Monitor if isobuilders systems are running fine
We experienced times where our isobuilders were slowly getting all down when a branch was triggering the OOM during its build.
We should use our monitoring system to check using systemd and/or anything else if the isobuilders systems are running fine, so that we know if we have to restart them or their jenkins-slave service.
- Status changed from Confirmed to In Progress
- Assignee changed from bertagaz to intrigeri
- % Done changed from 0 to 50
- QA Check set to Ready for QA
- Feature Branch set to puppet-tails:feature/11858-monitor-systemd
pynagsystemd sounds like a good candidate. I'll give a try to this one.
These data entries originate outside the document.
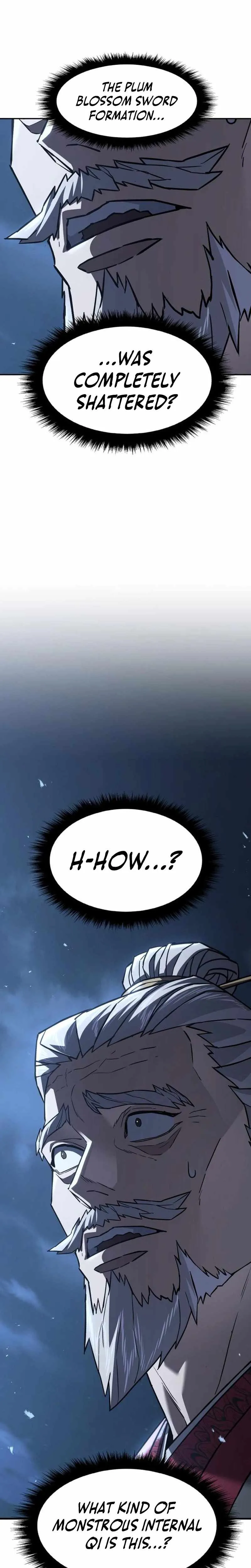 Murim’s Dept King Chapter 8 page 52 - 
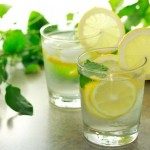 Ao Acordar: Água com Limão!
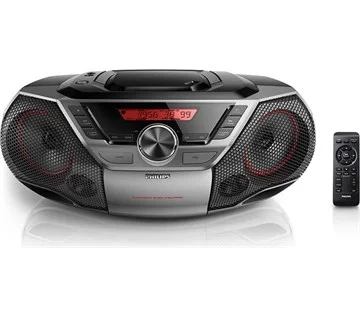 Philips AZ700T Nejlepší Volba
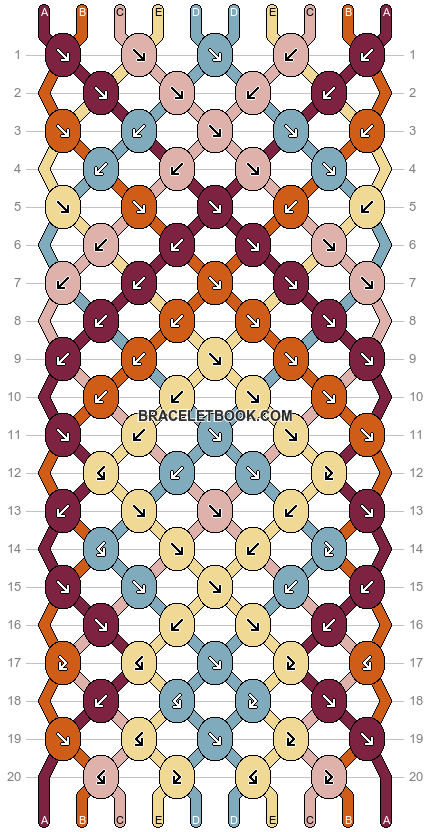 Normal pattern #148517 variation #423387 pattern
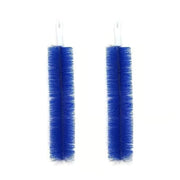 Fan Cleaning Brush – Flexible Bristles for Deep Blade Cleaning, No Disassembly
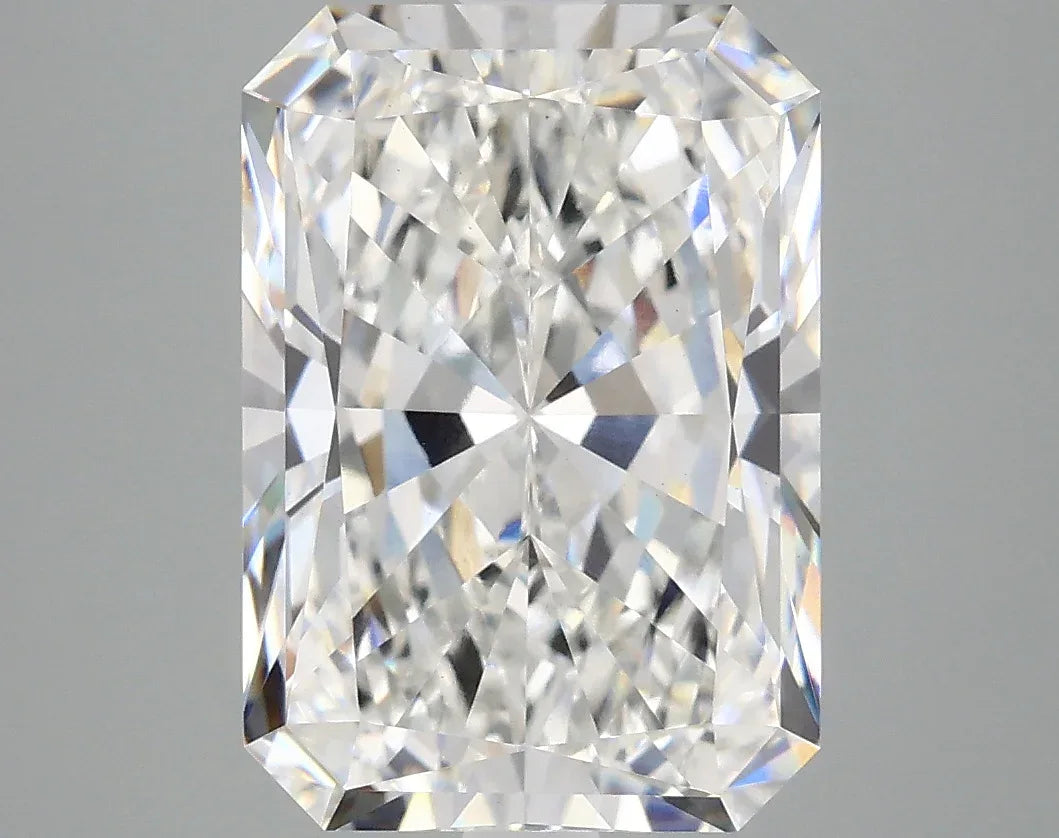5.05 E VS1 RAD Diamond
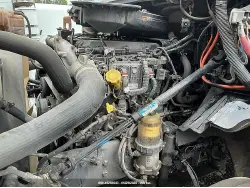 2019 INTERNATIONAL LT625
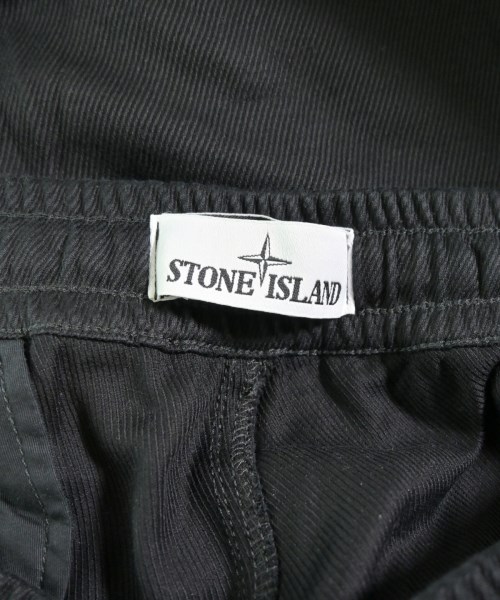 STONE ISLAND（ストーンアイランド）その他 黒 サイズ:32(L位) メンズ/2200724085279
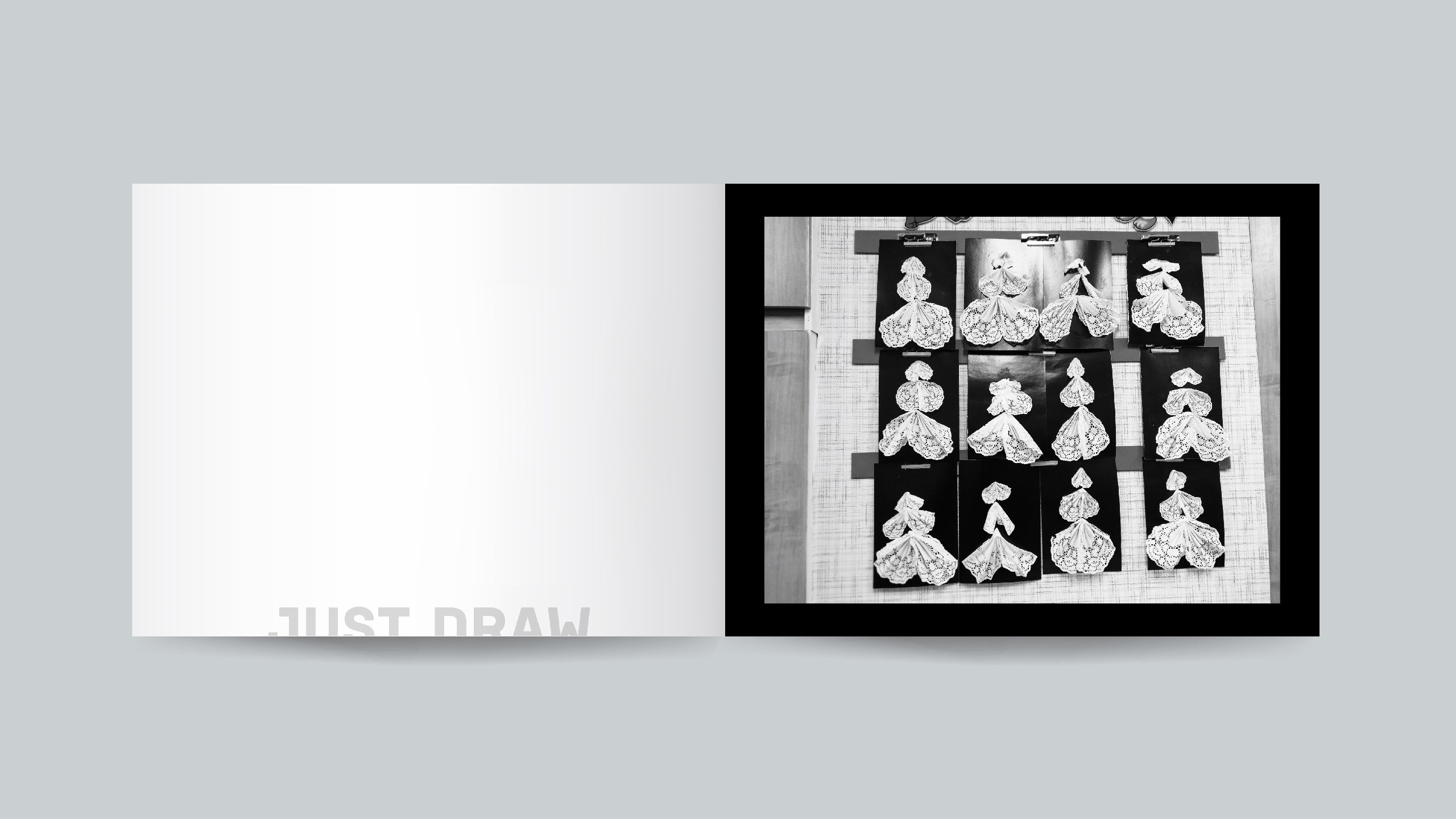 Do schools kill creativity? | zin book (2020). Street Art photographer Denis Karasev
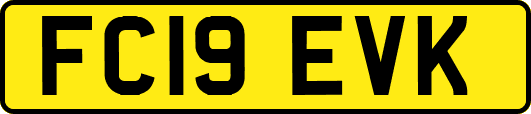 FC19EVK
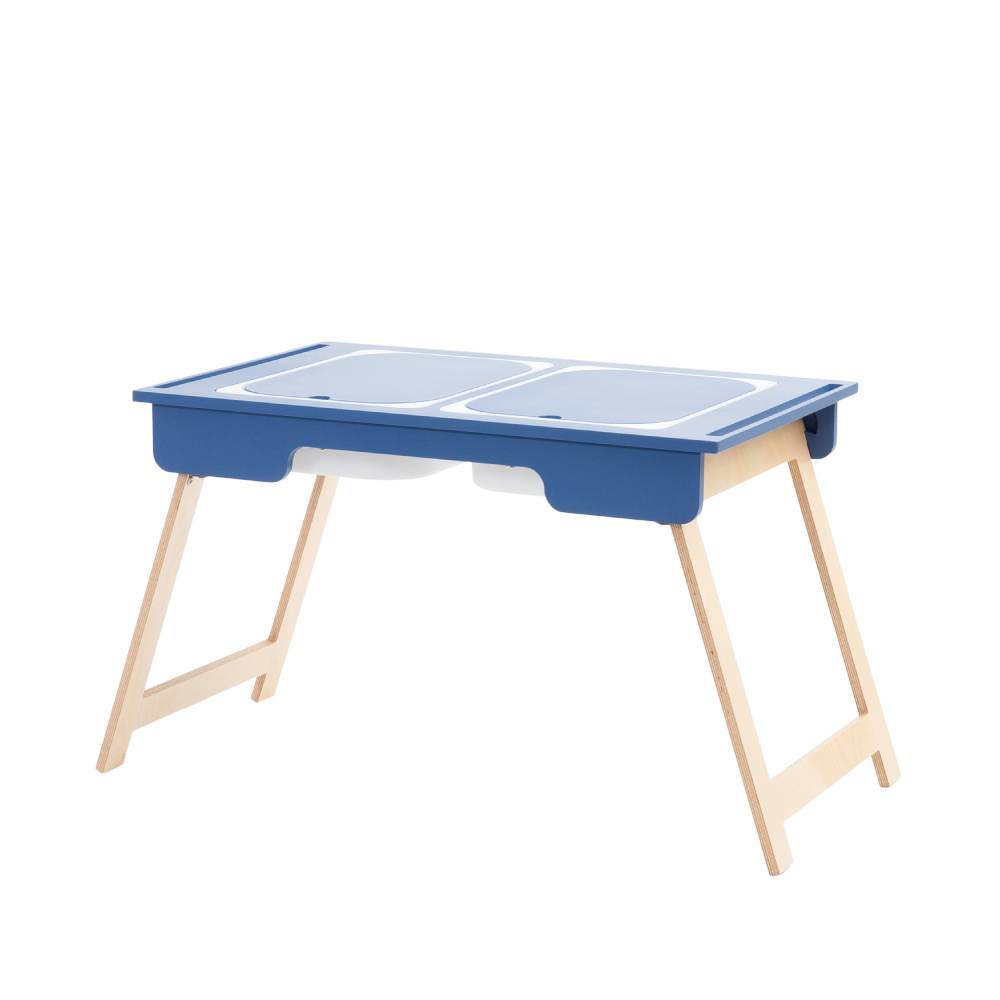 Sensory table - Duck Woodworks
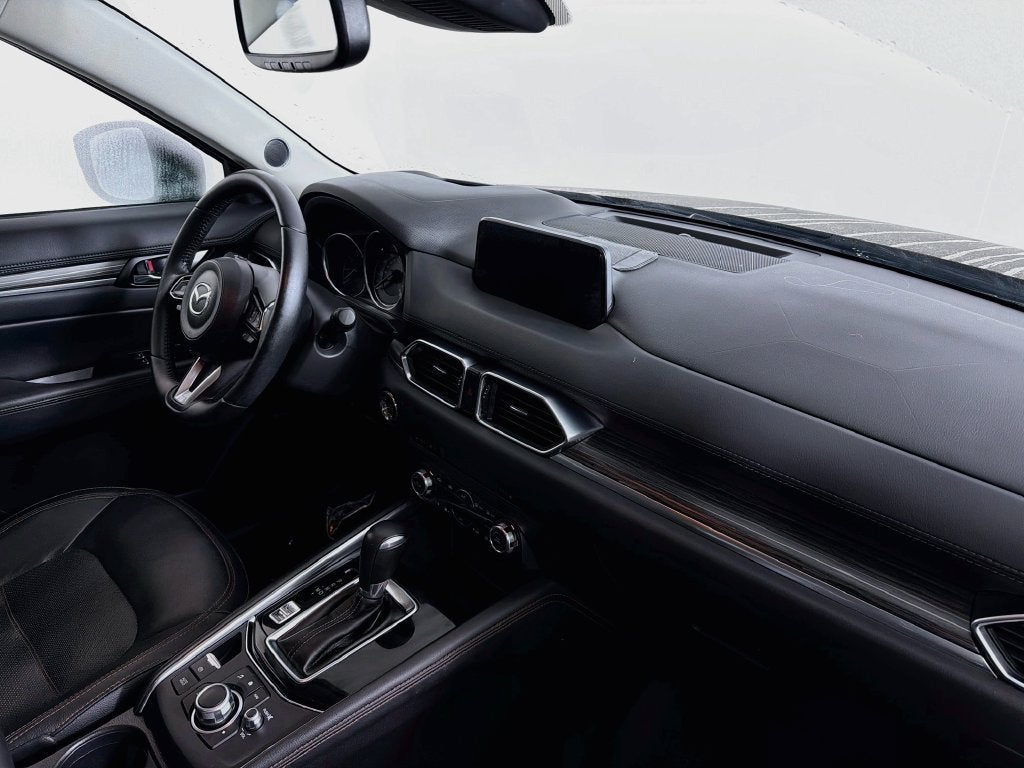 2018 Mazda Mazda CX-5 Grand Touring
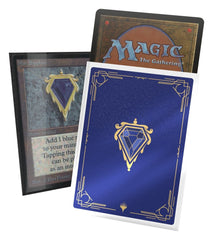 Ultimate Guard Art Sleeves Magic: The Gathering "Mox Collection" - Sapphire 4056133070966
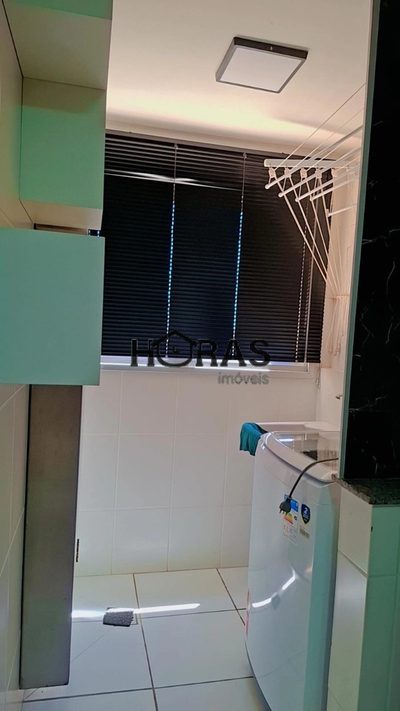 Apartamento, 2 quartos, 64 m² - Foto 3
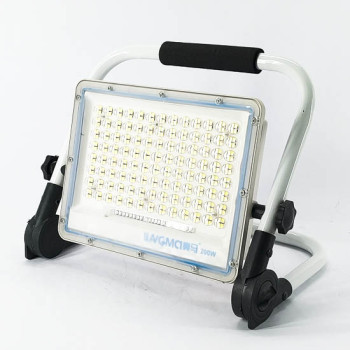 Суурьтай гэрэл 200W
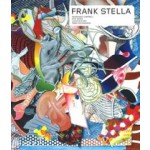 FRANK STELLA (Contemporary Artists Series) | Andrianna Campbell, Kate Nesin, Lucas Blalock, Terry Richardson | 9780714874593 | PHAIDON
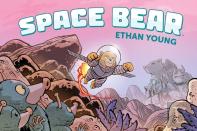 Space Bear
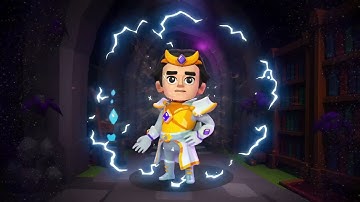 New Skins - Epic Wins!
I've committed everything in the dedicated branch, merged it in master and deployed that. We now have a systemd check on all agents as we discussed in #13582. To test it, just find one check that will be run soon, and set one service as failing on the related host (e.g by misconfiguring and restarting it so that it does fail to start). Then you'll see an alert in icinga2 about this service failing.
- Assignee changed from groente to bertagaz
- QA Check changed from Ready for QA to Dev Needed
As reported by groente today, apparently this does not work for the jenkins-slave service, which is precisely the one that made us create this ticket in the first place.
Reproduced again: isotester4 was offline in Jenkins for ~1.5 days but the jenkins-slave service was seen as successfully started by systemd.
Error: Invalid or corrupt jarfile /var/run/jenkins/slave.jar. So I guess this ticket shall be blocked by a new one about making the
jenkins-slave service able to report its state reliably.